Right after the earthquake in Nepal in 2015, I felt restless being stuck in Korea with my hands completely cuffed. To get a little peace of mind and feel like I am contributing somehow, I took a class in remote sensing at Seoul National which led me to write this journal paper [HERE]. The thing is, if you have ever worked on imagery data either from USGS or ESA, you will know that products are 1) very large, that 2) you will need a proper software to open those products (not free) and that it takes an excruciatingly long time to get one image processed. For instance, a data product with all the bands can be up to and not limited to 1.5 GB, which then needs to be opened through a software like ESRI, create a ROI (Region of Interest) and then do the actual processing. That's for ONE image. 

Enter google's Earth Engine [HERE], which disrupts the process pretty spectacularly. With a few lines of coding [Do the code HERE], you are able access large datasets from all open satellite imagery, filter bands, create a preview on the website itself through it's Javascript based API (Application Programming Interface) and export the ROI onto your drive. Very neat. What's also interesting is the ability to create thumbnails of any data that's been previewed. 
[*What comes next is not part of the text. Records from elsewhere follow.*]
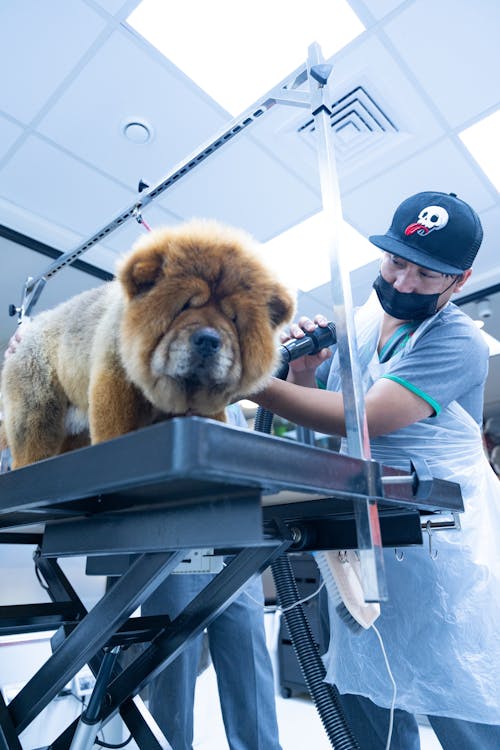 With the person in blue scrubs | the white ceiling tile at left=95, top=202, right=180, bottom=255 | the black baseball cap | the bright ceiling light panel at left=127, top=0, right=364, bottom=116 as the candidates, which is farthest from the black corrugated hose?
the white ceiling tile at left=95, top=202, right=180, bottom=255

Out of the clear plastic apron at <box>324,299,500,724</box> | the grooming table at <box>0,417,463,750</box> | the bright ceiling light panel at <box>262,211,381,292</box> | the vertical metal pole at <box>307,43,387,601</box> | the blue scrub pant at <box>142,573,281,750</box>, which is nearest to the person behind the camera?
the grooming table at <box>0,417,463,750</box>

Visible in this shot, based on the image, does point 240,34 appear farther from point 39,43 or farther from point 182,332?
point 182,332

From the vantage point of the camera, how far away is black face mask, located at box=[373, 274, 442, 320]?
1261 mm

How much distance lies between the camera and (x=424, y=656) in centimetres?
105

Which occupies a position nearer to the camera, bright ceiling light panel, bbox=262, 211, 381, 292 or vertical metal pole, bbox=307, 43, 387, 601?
vertical metal pole, bbox=307, 43, 387, 601

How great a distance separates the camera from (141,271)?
715 mm

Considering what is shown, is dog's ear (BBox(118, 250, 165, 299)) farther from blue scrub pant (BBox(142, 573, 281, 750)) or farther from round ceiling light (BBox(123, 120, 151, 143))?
round ceiling light (BBox(123, 120, 151, 143))

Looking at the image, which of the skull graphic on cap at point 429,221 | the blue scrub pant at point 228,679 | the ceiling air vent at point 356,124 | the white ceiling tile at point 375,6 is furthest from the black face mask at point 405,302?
the ceiling air vent at point 356,124

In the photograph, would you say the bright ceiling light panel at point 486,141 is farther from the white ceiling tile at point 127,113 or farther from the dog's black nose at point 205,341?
the dog's black nose at point 205,341

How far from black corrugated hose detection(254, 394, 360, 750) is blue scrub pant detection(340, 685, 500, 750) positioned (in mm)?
199

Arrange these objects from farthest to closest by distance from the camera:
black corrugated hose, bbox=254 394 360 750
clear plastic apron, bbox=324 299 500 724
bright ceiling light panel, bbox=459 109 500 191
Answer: bright ceiling light panel, bbox=459 109 500 191 → clear plastic apron, bbox=324 299 500 724 → black corrugated hose, bbox=254 394 360 750

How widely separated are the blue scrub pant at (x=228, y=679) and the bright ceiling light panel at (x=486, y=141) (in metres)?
2.61

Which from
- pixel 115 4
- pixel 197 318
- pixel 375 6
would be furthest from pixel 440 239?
pixel 115 4

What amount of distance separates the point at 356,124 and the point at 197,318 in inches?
97.9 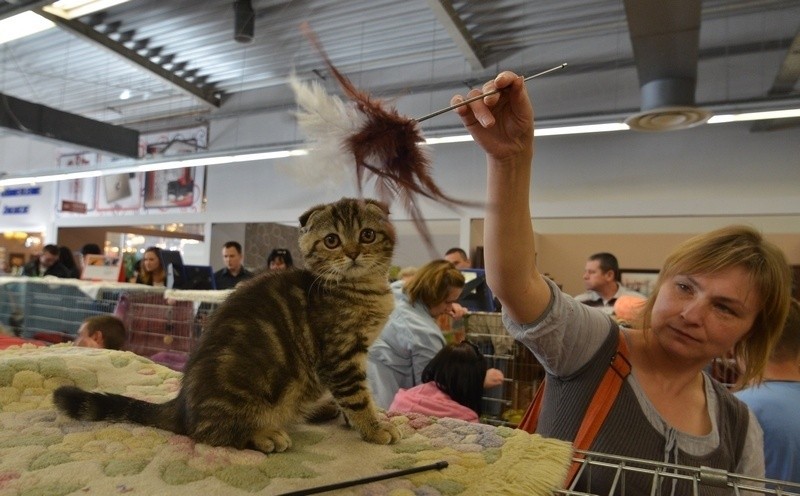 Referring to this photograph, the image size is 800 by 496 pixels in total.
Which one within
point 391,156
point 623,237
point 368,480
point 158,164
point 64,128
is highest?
point 64,128

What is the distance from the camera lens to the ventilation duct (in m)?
2.89

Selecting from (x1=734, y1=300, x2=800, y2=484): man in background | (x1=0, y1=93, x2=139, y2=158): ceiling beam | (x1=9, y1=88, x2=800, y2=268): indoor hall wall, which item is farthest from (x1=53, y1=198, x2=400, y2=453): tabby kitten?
(x1=0, y1=93, x2=139, y2=158): ceiling beam

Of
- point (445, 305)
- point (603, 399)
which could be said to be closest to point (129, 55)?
point (445, 305)

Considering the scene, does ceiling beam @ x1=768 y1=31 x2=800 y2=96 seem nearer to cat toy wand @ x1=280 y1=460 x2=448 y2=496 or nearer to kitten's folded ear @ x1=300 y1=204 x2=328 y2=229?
kitten's folded ear @ x1=300 y1=204 x2=328 y2=229

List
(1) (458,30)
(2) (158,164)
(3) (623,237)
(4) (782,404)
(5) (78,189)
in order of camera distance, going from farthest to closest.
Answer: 1. (5) (78,189)
2. (2) (158,164)
3. (3) (623,237)
4. (1) (458,30)
5. (4) (782,404)

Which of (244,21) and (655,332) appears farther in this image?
(244,21)

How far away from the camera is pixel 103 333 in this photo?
7.65 ft

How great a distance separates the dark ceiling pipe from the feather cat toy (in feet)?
10.9

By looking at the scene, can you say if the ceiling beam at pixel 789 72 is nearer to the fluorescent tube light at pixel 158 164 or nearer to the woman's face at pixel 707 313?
the woman's face at pixel 707 313

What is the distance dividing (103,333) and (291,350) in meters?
1.82

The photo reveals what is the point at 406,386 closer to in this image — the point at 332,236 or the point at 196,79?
the point at 332,236

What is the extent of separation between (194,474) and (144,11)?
4682mm

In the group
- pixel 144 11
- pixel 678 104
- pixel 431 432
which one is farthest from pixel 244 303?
pixel 144 11

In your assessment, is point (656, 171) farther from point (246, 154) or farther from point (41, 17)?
point (41, 17) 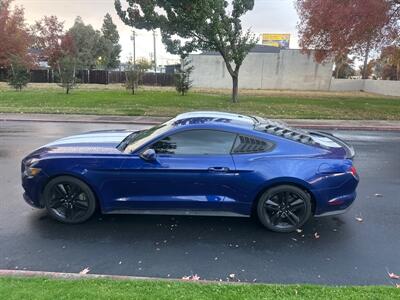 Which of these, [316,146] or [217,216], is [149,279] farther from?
[316,146]

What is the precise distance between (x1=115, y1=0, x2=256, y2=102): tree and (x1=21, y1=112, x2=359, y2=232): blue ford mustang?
1746cm

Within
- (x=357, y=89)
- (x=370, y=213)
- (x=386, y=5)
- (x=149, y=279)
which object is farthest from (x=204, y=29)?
(x=357, y=89)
Why are Thumbnails Useful?

256x256 thumbnail generated from Sentinel-3
Type: True Color

Normally, it's the product that comes into use and not the thumbnails. However, there is real value in generating thumbnails that allow, quite possibly, to use as a training data set for Machine Learning (ML) algorithms. Sentinel-3 nadir pointing imagery of 300 Ground Sampling Distance (GSD) -popularly known as the "resolution" of the satellite image- simulates images taken from CubeSats from Low Earth Orbit (LEO). Case in point, NepaliSat-1's calculated GSD hovers around the same number. If done correctly, the potential here is that we can generate a rich dataset for customized, mission specific ML for image categorization. 
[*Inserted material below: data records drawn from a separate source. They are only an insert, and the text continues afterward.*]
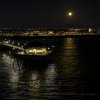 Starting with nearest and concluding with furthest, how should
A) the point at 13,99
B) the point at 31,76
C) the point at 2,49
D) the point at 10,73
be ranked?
the point at 13,99, the point at 31,76, the point at 10,73, the point at 2,49

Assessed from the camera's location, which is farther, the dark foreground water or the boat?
the boat

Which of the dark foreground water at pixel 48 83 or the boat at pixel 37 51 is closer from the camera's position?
the dark foreground water at pixel 48 83

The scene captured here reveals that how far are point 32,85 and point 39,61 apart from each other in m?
26.5

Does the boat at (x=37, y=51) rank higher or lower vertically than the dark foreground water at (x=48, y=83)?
higher

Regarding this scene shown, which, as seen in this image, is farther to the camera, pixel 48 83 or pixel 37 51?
pixel 37 51

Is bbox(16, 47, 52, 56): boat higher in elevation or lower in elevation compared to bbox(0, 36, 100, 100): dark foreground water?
higher

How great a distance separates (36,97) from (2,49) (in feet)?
254

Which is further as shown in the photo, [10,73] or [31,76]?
[10,73]

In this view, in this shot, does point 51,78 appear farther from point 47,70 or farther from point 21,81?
point 47,70

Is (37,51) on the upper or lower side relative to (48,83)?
upper

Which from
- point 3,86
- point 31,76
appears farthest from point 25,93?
point 31,76

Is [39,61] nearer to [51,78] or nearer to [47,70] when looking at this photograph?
[47,70]

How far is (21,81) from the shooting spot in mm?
49250

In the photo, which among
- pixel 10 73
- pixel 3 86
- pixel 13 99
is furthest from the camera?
pixel 10 73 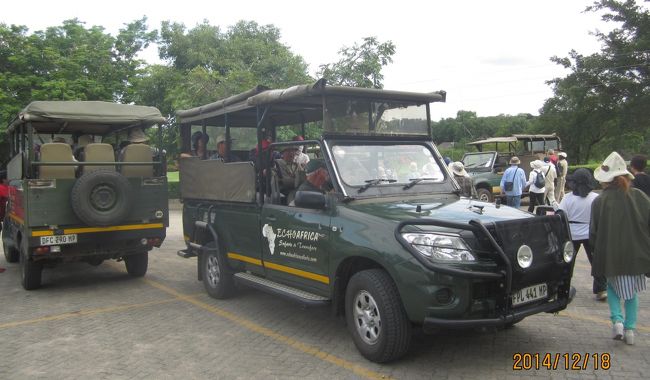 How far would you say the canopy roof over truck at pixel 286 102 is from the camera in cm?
544

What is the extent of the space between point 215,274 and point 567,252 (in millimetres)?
4453

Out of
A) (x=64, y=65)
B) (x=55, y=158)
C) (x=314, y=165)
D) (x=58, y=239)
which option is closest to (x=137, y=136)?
(x=55, y=158)

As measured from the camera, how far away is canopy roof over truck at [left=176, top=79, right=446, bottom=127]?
544 cm

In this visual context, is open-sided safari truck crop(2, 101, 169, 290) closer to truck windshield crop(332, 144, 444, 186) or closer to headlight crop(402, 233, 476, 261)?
truck windshield crop(332, 144, 444, 186)

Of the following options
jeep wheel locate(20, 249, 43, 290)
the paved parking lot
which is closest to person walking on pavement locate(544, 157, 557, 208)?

Satellite imagery taken by 1U satellite with similar orbit and pixel characteristics to NepaliSat-1's payload

As the images above and below illustrate, satellite imagery taken with a Size, Weight and Power (SWAP) requirements of 1U CubeSat can come close to about the same resolution taken by Sentinel-3. I am personally a huge fan of EstCube 1U satellite design and the level of optimization they were able to achieve. Says a lot about their engineering technique. The data that's coming out from the satellite is, in fact, very, very good. 

1U CubeSat's have the potential, if done correctly, to provide very good 300 GSD images

Extracting Thumbnails
Now that I have clarified why creating thumbnails (could) have real value, let's start cooking.

Full code below, explanation of each step after that. It's not as colorful as I wanted but does the trick.

//Select dataset from Sentinel-3
var dataset = ee.ImageCollection('COPERNICUS/S3/OLCI')
              //Select the dates through .filterDate function
              .filterDate('2018-04-01', '2018-04-04');
               
//Print collection to the console
print('Collection', dataset);

//Select data from Sentinel-3
//You can select one image from the 'Collection' printed on the 'Console'
var data = ee.Image('COPERNICUS/S3/OLCI/S3A_20180403T124616_20180403T124916')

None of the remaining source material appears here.